Information given: Begin
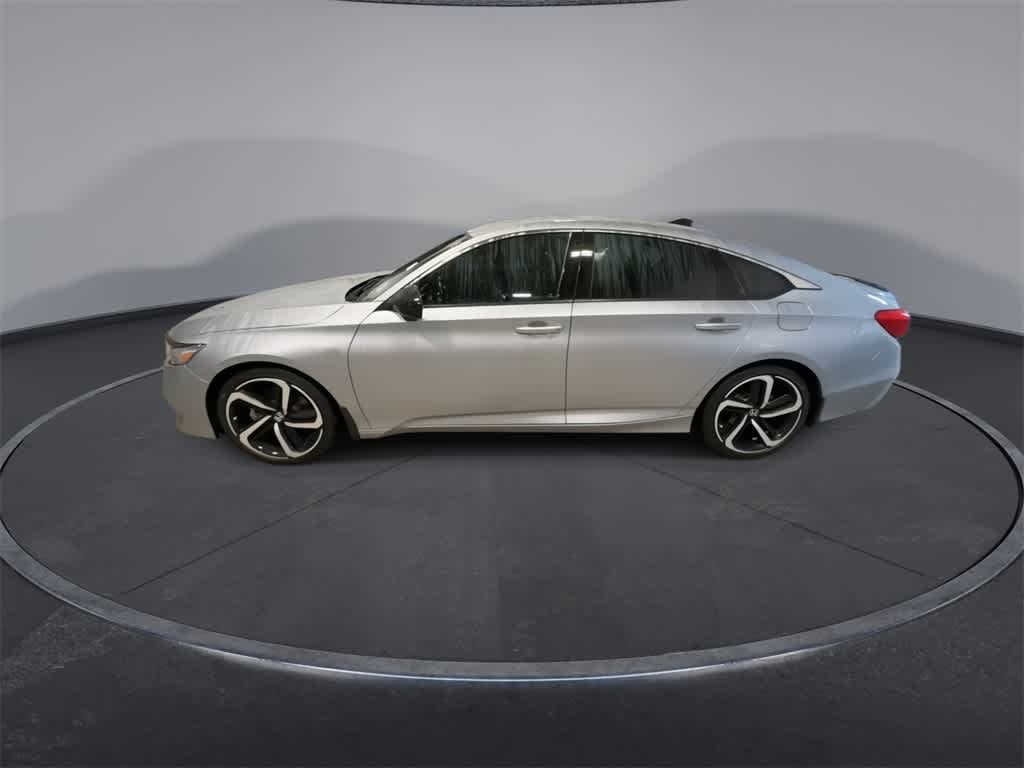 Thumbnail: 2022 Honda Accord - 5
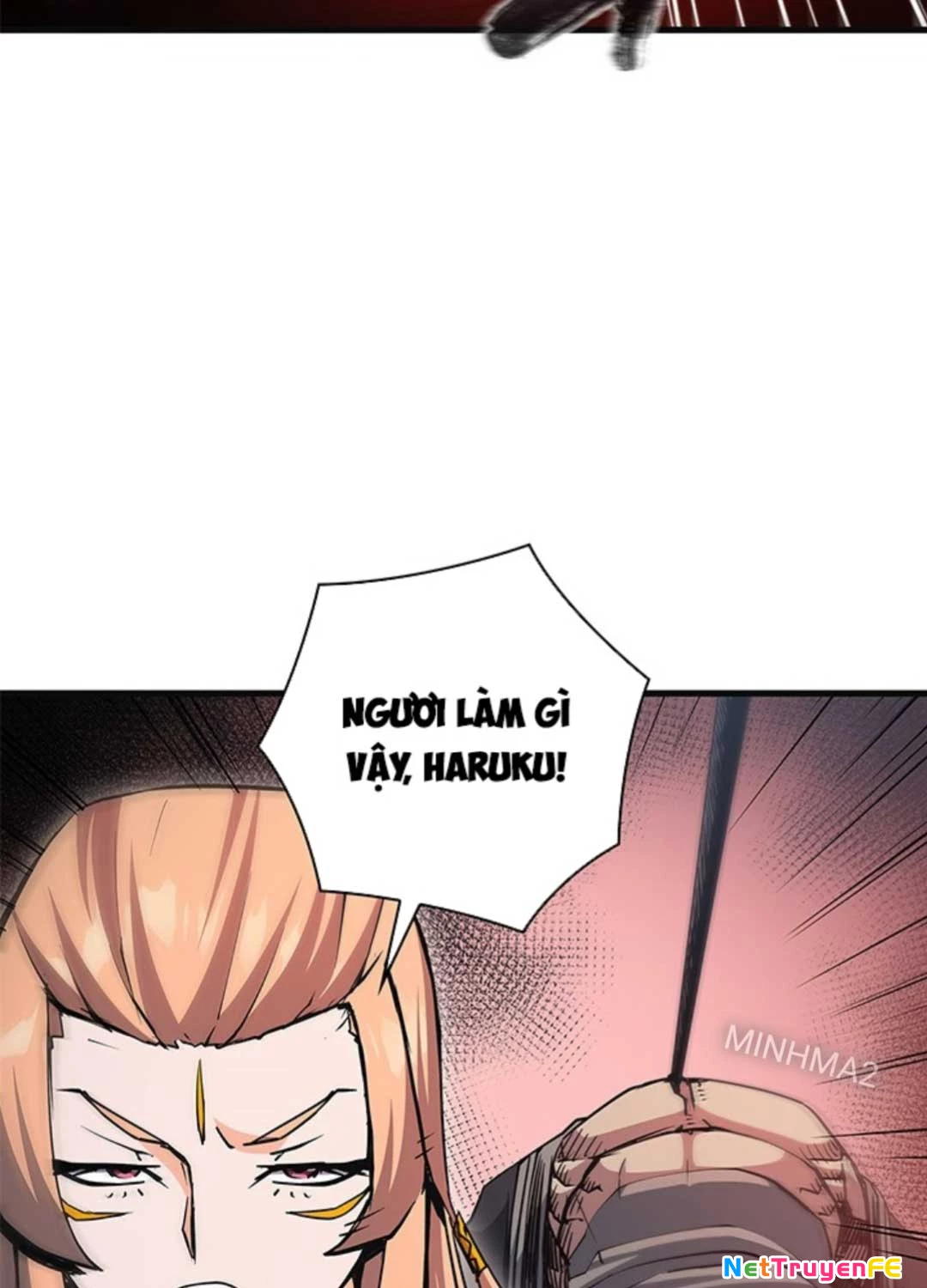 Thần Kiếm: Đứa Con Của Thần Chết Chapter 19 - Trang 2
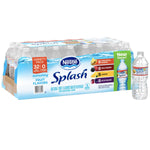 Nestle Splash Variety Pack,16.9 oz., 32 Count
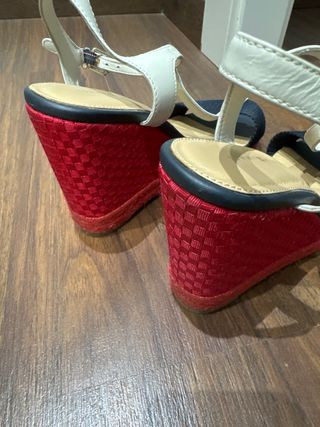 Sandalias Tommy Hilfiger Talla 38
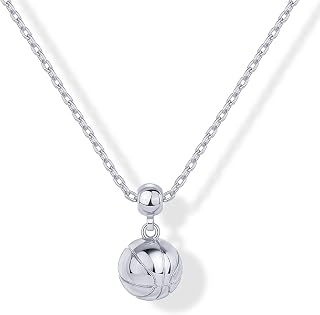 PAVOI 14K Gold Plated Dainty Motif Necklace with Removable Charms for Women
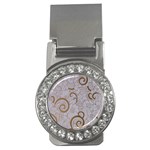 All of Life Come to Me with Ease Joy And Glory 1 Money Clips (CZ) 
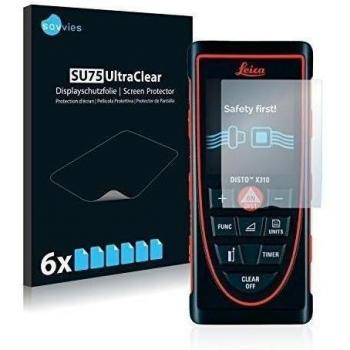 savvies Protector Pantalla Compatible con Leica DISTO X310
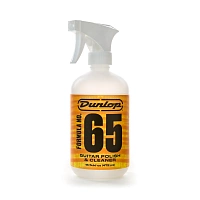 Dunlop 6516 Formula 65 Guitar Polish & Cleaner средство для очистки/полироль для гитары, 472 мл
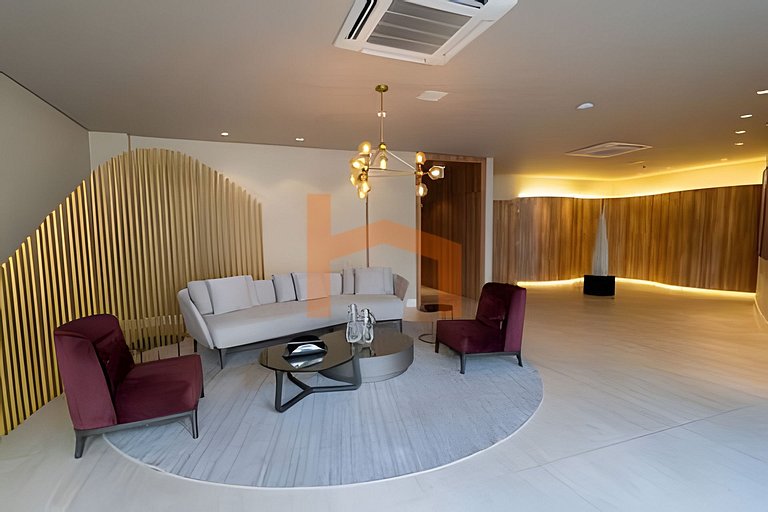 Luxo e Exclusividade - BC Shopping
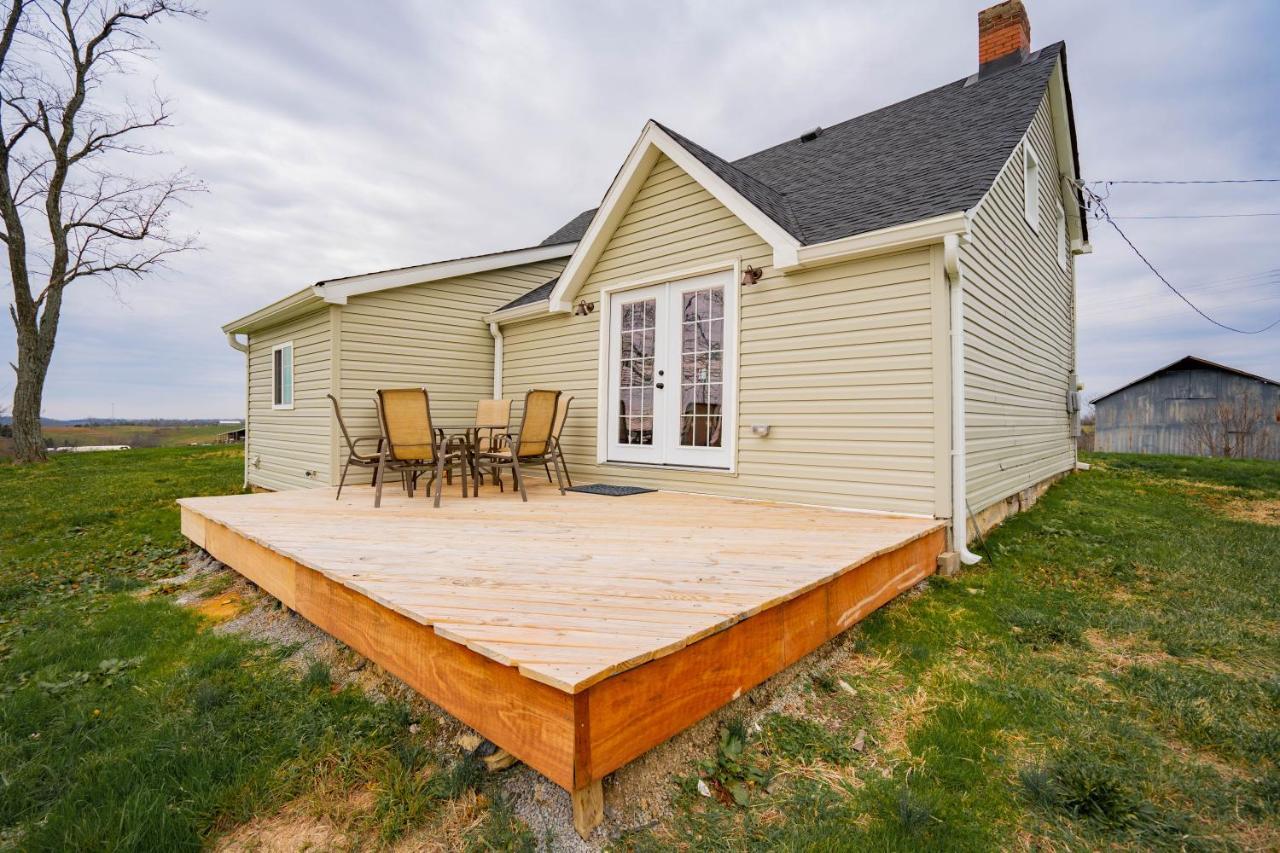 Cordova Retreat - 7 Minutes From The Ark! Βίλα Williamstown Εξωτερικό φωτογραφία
Information given: End
> _Your assignment_:
What you write must match, line for line, the records from the line containing "Thần Kiếm: Đứa" through the last line, with every picture left out.

> _The completed task_:
 Thần Kiếm: Đứa Con Của Thần Chết Chapter 19 - Trang 2
 Nestle Splash Variety Pack,16.9 oz., 32 Count
 Sandalias Tommy Hilfiger Talla 38
 PAVOI 14K Gold Plated Dainty Motif Necklace with Removable Charms for Women
 All of Life Come to Me with Ease Joy And Glory 1 Money Clips (CZ) 
 savvies Protector Pantalla Compatible con Leica DISTO X310
 Dunlop 6516 Formula 65 Guitar Polish & Cleaner средство для очистки/полироль для гитары, 472 мл
 Luxo e Exclusividade - BC Shopping
 Cordova Retreat - 7 Minutes From The Ark! Βίλα Williamstown Εξωτερικό φωτογραφία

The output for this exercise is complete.